Con ojos desorbitados se arrojó contra el sesudo inspector. El forcejeo fue débil, él la redujo sin problemas, más preocupado por su arrugada camisa y su pulcra chaqueta, que por aquellas uñas afiladas. Las lágrimas calientes no ensucian, pero el presumido señor Lemoine también temía que aquella enloquecida señora le despeinara y aplastara el bigote.

 -¡Cálmese! -profirió-,  usted ya no puede hacer nada…

 -Él dijo que volvería. Si le preguntaban, diría que no había visto a la cocinera desde que la dejó en el pueblo, que ella se habría valido de él para que la llevara hasta allí, que la habría estado esperando horas a que regresara de la tienda pero que no volvió, que todos éramos unos ilusos por haber creído en ella… unos…ilusos… ¡Él dijo que me quería y que volvería!

Aquellos oscuros ojos se volvieron dos pozos sin fondo, secos, fieros, dolorosos, impenetrables.

Sin nada que hacer ni añadir el inspector Lemoine se dirigió con aire marcial a la puerta. Un solo gesto alertó a un par de hombres uniformados, quienes habían estado aguardando al otro lado del pasillo, esperando instrucciones, al tanto de que sus servicios podían ser necesarios.

 -Llévensela, será interesante su declaración. 

 -¿Cómo?, ¿cómo me descubrió? -repitió ella frenética, delirante, intentando arañarle con las manos. Una conducta muy poco propia de una señora de su categoría.

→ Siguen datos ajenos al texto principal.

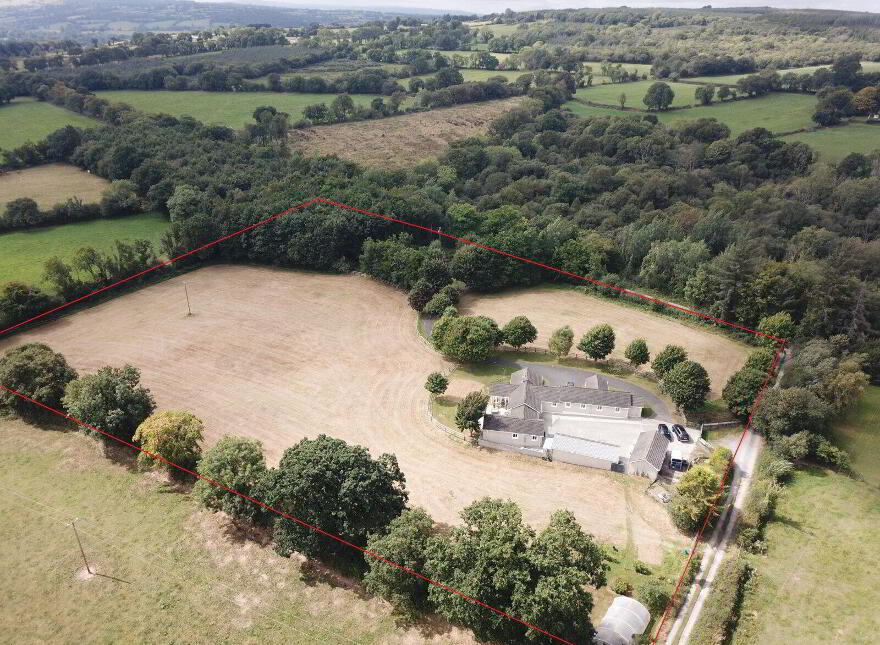 Maple Lodge, Kilcullen, Thomastown, R95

 -Usted es sabia madame... –suspiró– "Las conversaciones son siempre peligrosas si se tiene algo que ocultar". Cuando hablamos y la interrogué usted misma se delató, pero olvidó un detalle, le dije que si no tenía nada que ocultar estaría libre de sospecha, pero usted ocultaba demasiado.

 

La sacaron de la casa esposada. La señora Mallowan intentó soportar el escándalo ante el sorprendido personal de la mansión, quienes en pleno le hacían el pasillo al verla pasar. Los murmullos, las miradas de reojo, los codazos, fueron demasiado para su nervioso ánimo: “era la amante de Smith” “que vergüenza” “dicen que es la cabeza pensante del robo” “la encerraran con Nancy y el otro fantoche, ¡si lo atrapan!” Oyó que decían los empleados, y perturbada, al borde de la histeria, censurada por las miradas de los que la reprobaban apenas llegó a la puerta y cayó desmayada. La sudorosa Clarissa Mallowan tuvo que ser llevada en volandas por los policías, quienes la tuvieron que meter en el coche policial con los pies por delante.

El famoso inspector contempló la escena con cierto estoicismo. Heracles -famoso por su ánimo despierto y su burbujeante intelecto, siempre en funcionamiento, pleno de células grises- tuvo que admitir cierta aflicción,  al fin y al cabo, Clarissa no dejaba de ser una mujer traicionada, una mujer seducida, engañada y cruelmente burlada que no había acabado en la mejor de las situaciones.

Suspiró sonoramente y pensativo anduvo unos resonantes pasos hasta la puerta que conducía al salón. Todos tenían motivos para el robo, habló para sí, pero ahora la cuestión era: ¿quién tenía motivos para asesinar a la anciana? Porque la señora Mallowan, como bien revelaba el informe del forense que tenía en su poder, no murió de muerte natural… A no ser que se considere muerte natural el envenenamiento por arsénico y no era el caso, no, no, no.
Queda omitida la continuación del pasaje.